Work And Not Work (2008)

41 min 4 secSingle channel / Digital Video / Colour / Sound

"The video is a hybrid documentary-fiction focusing on Faulkner Collins Ltd., which was established in 1895 in Bracknell, England by Robert Faulkner and Lewis Collins. Relocating in 1906 to Tāmaki Makaurau/Auckland, New Zealand, the company produced, by the 1940s, metal goods such as shopping trolleys, commercial display units, and other wire metal products. Using impassive framing, the camera shows various details of administration and production, beginning in the offices where smartly dressed employees sit at desks in wood paneled rooms surrounded by the quintessential decor of stationery, company memorabilia and motivational posters. Moving to the factory floor, we witness the workers as they operate machines that cut, shape and weld the metal, loading raw material onto conveyor belts and stacking fabricated parts into bins in preparation for the next stage of assembly. The behind-the-scenes footage offers a careful document of the wage labour still present in late-2000s manufacturing, which in this case was employed mostly for the management of sales clients and operation of automated machinery.

Relocating to a supermarket, the video connects the production of the shopping trolleys with their commercial function. But a sly shift occurs and an unlikely character becomes the focus as she drifts through the aisles. What unfolds is a subtly jarring juxtaposition, the observational documentary transforming into a domestic drama (de)centered on a failing relationship. Suffering from a crisis of understanding, the sad couple have lost their sense of shared purpose, while the repetitive and purposeful sound of the machines fades into the background.
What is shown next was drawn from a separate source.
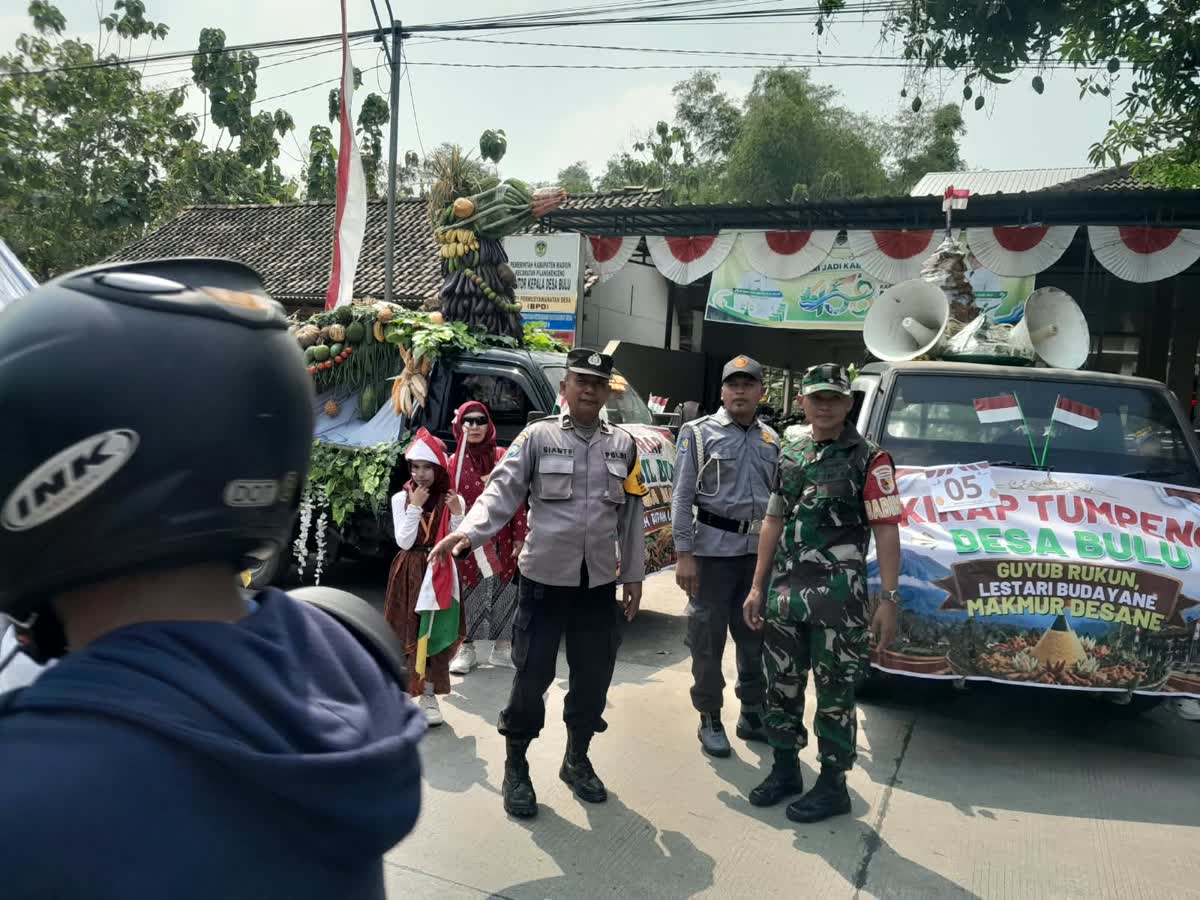 Foto: Kirab Budaya dan Hasil Bumi warga Desa Bulu, Kecamatan Pilangkenceng, Kabupaten Madiun dalam rangka HUT ke-81 Kemerdekaan RI.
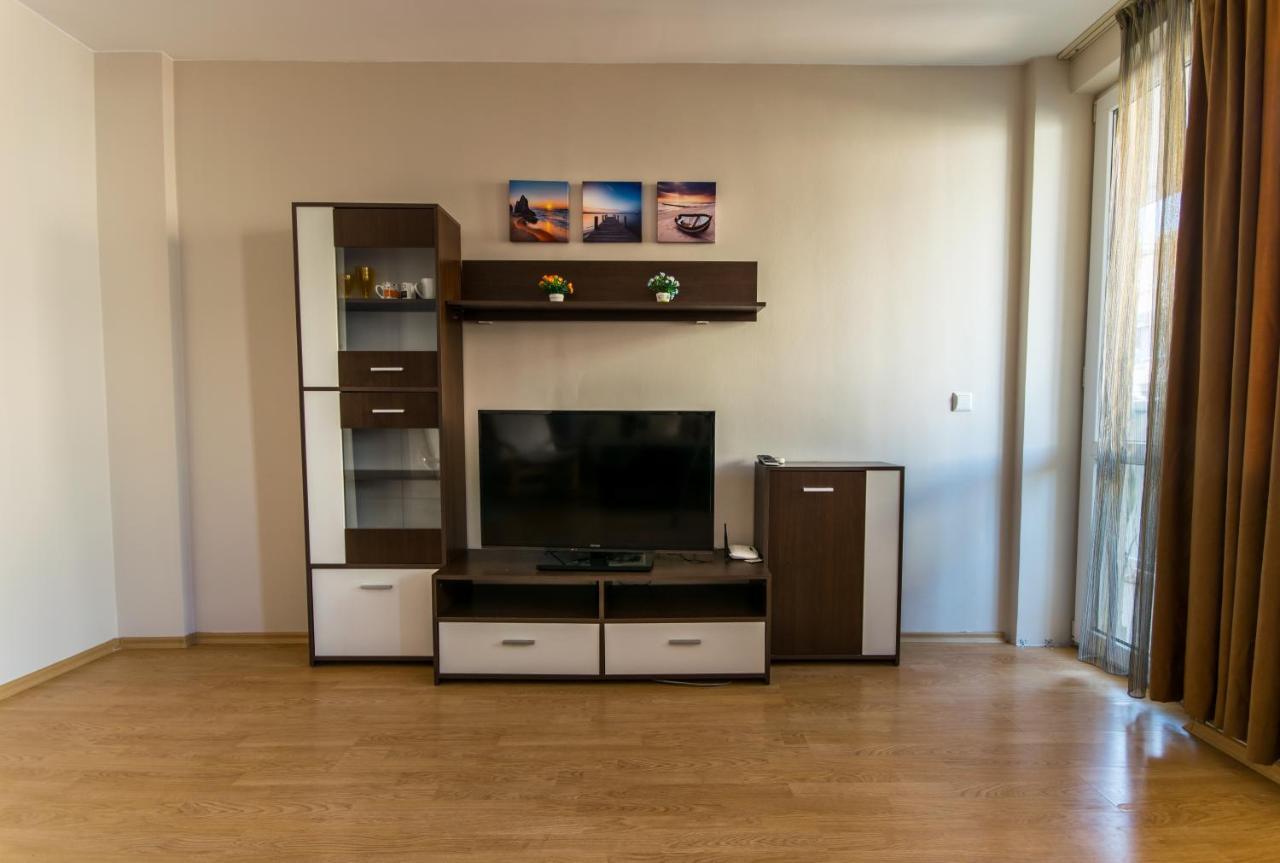 Great Apartment Near The Sea,Central Place! Burgas by Eksteriør bilde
Frieda, the apparent protagonist of 'Work And Not Work', is being harassed by her boyfriend, Marco, for not earning enough money. He seems to value the structuring effect full-time employment has on one’s psyche, and is unbothered by the existential dilemmas that arise in an individualistic and competitive, profit-driven society, wherein the failure (or lack of opportunity) to produce anything that is financially lucrative can lead to despair. For most people getting work is essential, and spending your life as an employee has a profound effect on your experience of reality. But the economic doctrine of neo-liberalism sees labor as an impersonal resource, creating ontological gaps between those who buy labor and those who sell it.

As the mutated narrative disturbs the perceptual ground of the viewer, Frieda wanders the urban landscape burdened by the opaque demands of an uncertain future. The fragmentation of mechanized work is juxtaposed with the malaise that haunts human consciousness when our engagement with the commercial structures of the world is apathetic. Work And Not Work holds space for aimlessness, questioning the nature of identity as it relates to job-defined productivity. It is worth noting that the Faulkner Collins factory no longer exists as it was demolished in 2011. A connecting artery of motorway now ploughs through the area once occupied by the brand new shopping trolleys."